Quando encontram essas peças, os arqueólogos analisam as suas origens e tipologias e, consequentemente, as suas cronologias. “A mais recente é a que vai datar o espaço”.

O arqueológo explica também que a análise da cerâmica pode oferecer uma “dinâmica do espaço”. Se o compartimento foi aterrado, alterado, reformulado. Quando foi? É o elemento mais recente que responde: “foi depois de”.

“Um historiador tem um documento datado, nós não. São os materiais que nos dão as datas, que nos permitem ir datando esses momentos das construções. Daí valorizarmos mais a peça que nos pode dar a informação que falta.

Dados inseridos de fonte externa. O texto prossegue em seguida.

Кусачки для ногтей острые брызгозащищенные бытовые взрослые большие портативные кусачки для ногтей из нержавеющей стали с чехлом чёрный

Que nos ajuda a interpretar a funcionalidade do espaço ou a datar o que estamos a escavar”.

Sublinhando a importância de fazer um minucioso cruzamento de todas as informações obtidas e o vasto tempo que essa investigação consome, o arqueólogo esboça um longo sorriso antes de referir: “Pode ser uma ‘seca’, mas encanta-me este trabalho dos materiais”.

O Saco azul do arqueólogo

A poucos metros do local da escavação, num corredor subterrâneo da Casa dos Repuxos, amontoa-se um conjunto de sacos de plástico de cor azul. Tudo o que é encontrado é lá colocado e etiquetado, com informações da proveniência do material.

“Esta etiqueta é fundamental. Se ela se perder, todos estes materiais no saco perdem o seu valor. Só têm valor se encontrados em contexto, caso contrário, é apenas mais um caco, e cacos há muitos aqui em Conimbriga”.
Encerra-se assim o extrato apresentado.